Issue #1669
closedMemory leak in Pulp celery processes
Description
Via IRC I received a report that on at least two occasions, Pulp workers of a large Pulp installation showed signs of memory leak. The leak consumed so much memory that at a certain point, all subsequent tasks fail with "Cannot allocate memory".

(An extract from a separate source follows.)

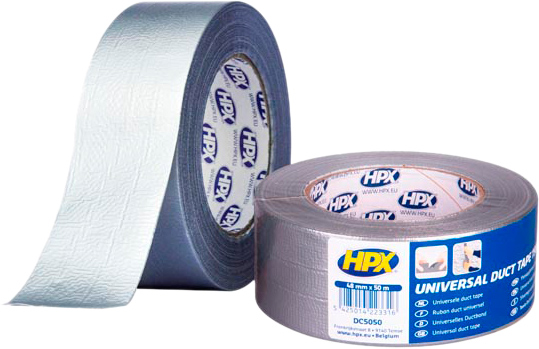 

Универсальная клейкая лента HPX Duct tape 1900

When they are in this situation there are no tasks waiting or running in Pulp as is evident by their output provided for:
No running on waiting tasks in pulp
pulp:PRIMARY> db.task_status.find({"state":{"$in":["running", "waiting"]}})
pulp:PRIMARY>
Also you can clearly see the offending processes are Pulp celery processes which are idle but consuming large amounts of memory.
bash-4.1# ps u 16012
USER PID %CPU %MEM VSZ RSS TTY STAT START TIME COMMAND
apache 16012 0.2 15.1 3016808 2475812 ? Sl Feb10 4:17 /usr/bin/python -m celery.__main__ worker -c 1 -n reserved_resource_worker-1@pulp04.example.com --events --a
bash-4.1# ps u 16121
USER PID %CPU %MEM VSZ RSS TTY STAT START TIME COMMAND
apache 16121 0.3 13.6 2767072 2224064 ? Sl Feb10 5:24 /usr/bin/python -m celery.__main__ worker -c 1 -n reserved_resource_worker-5@pulp04.example.com --events --a
bash-4.1# ps u 16206
USER PID %CPU %MEM VSZ RSS TTY STAT START TIME COMMAND
apache 16206 0.2 12.8 3092120 2105596 ? Sl Feb10 3:34 /usr/bin/python -m celery.__main__ worker -c 1 -n reserved_resource_worker-7@pulp04.example.com --events --a
bash-4.1# ps u 16141
USER PID %CPU %MEM VSZ RSS TTY STAT START TIME COMMAND
apache 16141 0.3 12.5 2621912 2056276 ? Sl Feb10 4:31 /usr/bin/python -m celery.__main__ worker -c 1 -n reserved_resource_worker-6@pulp04.example.com --events --a
It's not yet clear if this is happening over time versus instantaneously, or if it is related to a specific task type. It has been suggested that this may be related[0]. We should also consider that this could be an upstream Celery issue also which has several memory leak related bug reports[1].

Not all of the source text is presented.